Some of the words are unknown to me, so I made some assumptions, some of which I'm sure are wrong, just as in the rest of my theology. My translation is a blend of open literal and paraphrase with some wild guessing thrown in.
But here goes:
The music of summer is played,
The gun hangs still on the wall,
And there is no life in the land,
We don't know how to feel.
Then at last the butcher comes,
And carries a (da-ya) in his fist.
And as he jumps and tears around,
It causes dead pigs.
He makes many dead and to be hung,
He runs into the manure-yard,
And soon all the farmer's hogs
Are by the gallows washed.
That means ham roasts and bacon,
And mince pie with wild apples in it,
And pork bellies with bristles on it,
And other dirt.
In the first verse I took shad-harn to mean something capable of harm, (shad) so I chose gun, to say that hunting season is over as well.
In the second verse the only meaning I'm aware of for da-ya would be door, but that doesn't make sense in context.
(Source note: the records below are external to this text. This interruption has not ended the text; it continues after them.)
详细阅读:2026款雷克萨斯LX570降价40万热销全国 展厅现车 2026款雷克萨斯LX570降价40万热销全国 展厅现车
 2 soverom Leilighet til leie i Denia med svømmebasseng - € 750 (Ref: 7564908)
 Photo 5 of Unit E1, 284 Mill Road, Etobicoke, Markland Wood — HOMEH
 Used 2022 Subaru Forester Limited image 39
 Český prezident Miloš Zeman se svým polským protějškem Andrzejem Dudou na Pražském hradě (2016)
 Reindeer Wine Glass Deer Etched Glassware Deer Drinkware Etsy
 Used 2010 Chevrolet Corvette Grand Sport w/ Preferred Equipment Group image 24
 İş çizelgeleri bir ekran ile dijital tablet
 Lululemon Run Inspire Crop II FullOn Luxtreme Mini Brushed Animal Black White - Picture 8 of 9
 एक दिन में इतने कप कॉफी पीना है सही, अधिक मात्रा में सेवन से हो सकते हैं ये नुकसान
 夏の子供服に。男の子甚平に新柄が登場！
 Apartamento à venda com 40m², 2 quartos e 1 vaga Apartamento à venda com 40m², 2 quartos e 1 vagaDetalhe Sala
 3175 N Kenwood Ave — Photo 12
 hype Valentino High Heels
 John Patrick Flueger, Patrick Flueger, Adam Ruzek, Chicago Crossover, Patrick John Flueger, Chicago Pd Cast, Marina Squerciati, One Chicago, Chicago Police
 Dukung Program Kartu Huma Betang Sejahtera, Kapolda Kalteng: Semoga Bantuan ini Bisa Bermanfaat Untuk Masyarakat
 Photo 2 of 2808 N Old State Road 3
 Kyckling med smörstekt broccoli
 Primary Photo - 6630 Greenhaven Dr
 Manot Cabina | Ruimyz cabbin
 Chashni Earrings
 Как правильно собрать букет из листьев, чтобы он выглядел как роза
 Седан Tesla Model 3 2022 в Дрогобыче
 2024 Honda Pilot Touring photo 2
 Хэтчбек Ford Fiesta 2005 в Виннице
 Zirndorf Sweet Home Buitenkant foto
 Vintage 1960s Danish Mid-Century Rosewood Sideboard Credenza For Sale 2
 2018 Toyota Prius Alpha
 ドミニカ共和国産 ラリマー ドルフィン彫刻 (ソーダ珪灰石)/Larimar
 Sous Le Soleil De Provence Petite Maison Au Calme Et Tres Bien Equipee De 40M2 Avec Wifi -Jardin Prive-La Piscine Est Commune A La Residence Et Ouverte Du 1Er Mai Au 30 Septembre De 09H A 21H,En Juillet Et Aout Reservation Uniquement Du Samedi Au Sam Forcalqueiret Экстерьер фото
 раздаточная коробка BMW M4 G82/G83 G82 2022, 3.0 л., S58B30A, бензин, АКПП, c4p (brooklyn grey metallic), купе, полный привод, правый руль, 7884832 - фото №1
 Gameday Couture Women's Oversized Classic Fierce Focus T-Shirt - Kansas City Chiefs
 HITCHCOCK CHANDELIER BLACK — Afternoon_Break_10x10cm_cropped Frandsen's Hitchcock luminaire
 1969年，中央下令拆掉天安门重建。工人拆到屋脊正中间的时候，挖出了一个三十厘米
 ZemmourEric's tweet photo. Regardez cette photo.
I presume it refers to a knife of some kind, but I don't know.
In the fourth verse, shunga-flaesh is usually a smoked pork butt or shoulder roast, I chose ham.
For shpeck, I chose bacon, but it could be some other fried high fat delicacy.
For fenca-ecka, I presumed it referred, in context, to apples from wild apple trees in the fence corners or along the fence lines.
Tsiderle is still a mystery to me, it seems like something that might shiver like jello, but I don't know.
HO had suggested leva-vasht, that's very possible, somewhat arbitrarily I chose pork bellies to help with the bristles.
There are people out there who would know this stuff a lot better than I do.